It didn't really matter if the old owner was around to support. Productivity plummeted with every project. It was as if every owner of every project had left the team every quarter.

Now I'm more convinced than ever that it's better to pay the price of an owner leaving if and when it happens, rather than try to prevent or mitigate that risk up front. The productivity costs are far too high for most software products.


Sorry to say that, but it sounds like you got it backwards. The idea is not to remove the owner from the project, but to always have at least two people working on any project at the same time. Instead of 2 devs working for 2 months each on their own project, put them together on the first project for a month, then on the other project for the second month (simplified example, of course). They both work on their own tasks, but because they are familiar with the code and the project, they can review each others changes.

In my experience this works great. Context switching is a problem, but there are ways to minimize the impact (similar tech stacks, good work organization, clearly defined priorities,...).


With strict deadlines and OKRs to hit it wasn't really feasible for people to double up on projects.

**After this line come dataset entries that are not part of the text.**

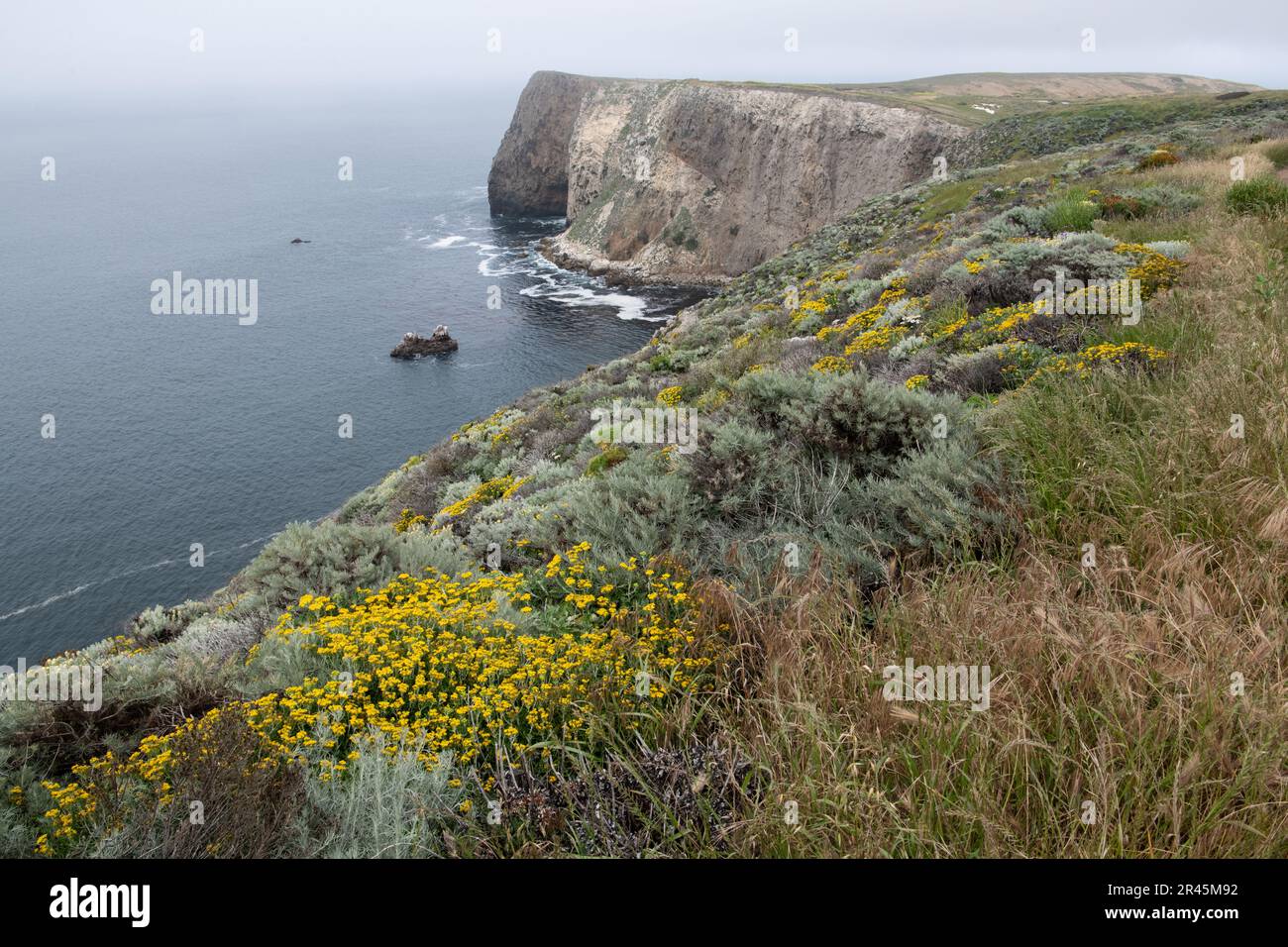 Seaside Woolly Sunflower, Eriophyllum staechadifolium, sage and other native plants form a community on the coastal cliffs in the Channel Islands park. Stock Photo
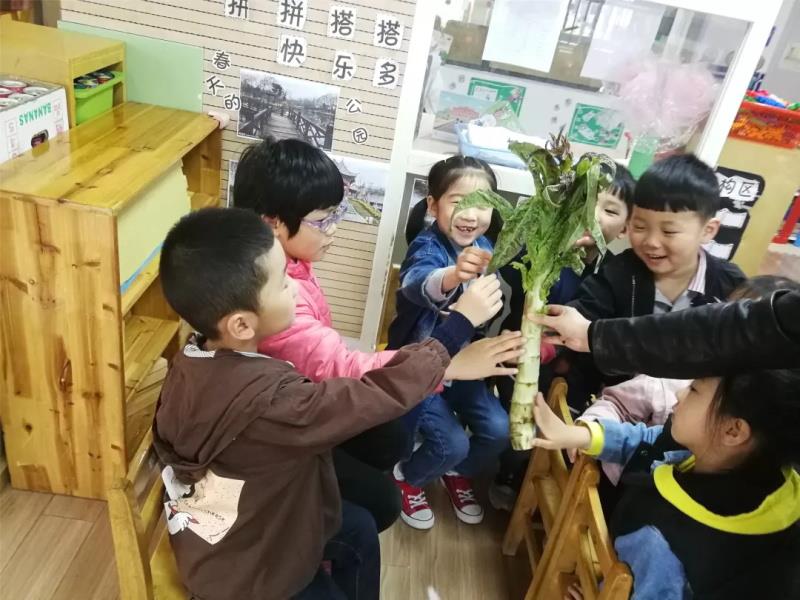 http://s.yun12.cn/lxsyyey/images/4dvry3zo5qf20200606164344.jpg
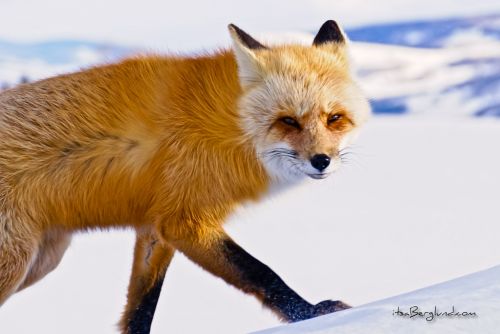 Fox on Colorado snow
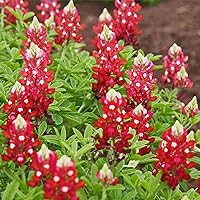 100+ Red Texas Bluebonnet Seeds Lupinus Texensis - Wild Native Lupine Seeds Attract Pollinators Perennial Stunning Colorful Wildflower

> Instead of 2 devs working for 2 months each on their own project, put them together on the first project for a month, then on the other project for the second month (simplified example, of course).

We did try this and it sounds good in theory but as the old saying goes 'two women can't have a baby in 4.5 months'.

In my experience (in this particular team and org) it would've simply been better to invest some time into documentation and suffer a short drop in productivity on a project when owners left.


I'm sorry to hear you couldn't make it work, but I can assure you that this approach works in practice. You don't get a child in 4.5 months, but you can get 2 children in 9 months.

I agree that not all environments are good at managing developers though (and that is probably a huge understatement).


> strict deadlines and OKRs

Simply said, that deadlines and OKRs don't account for bus factor.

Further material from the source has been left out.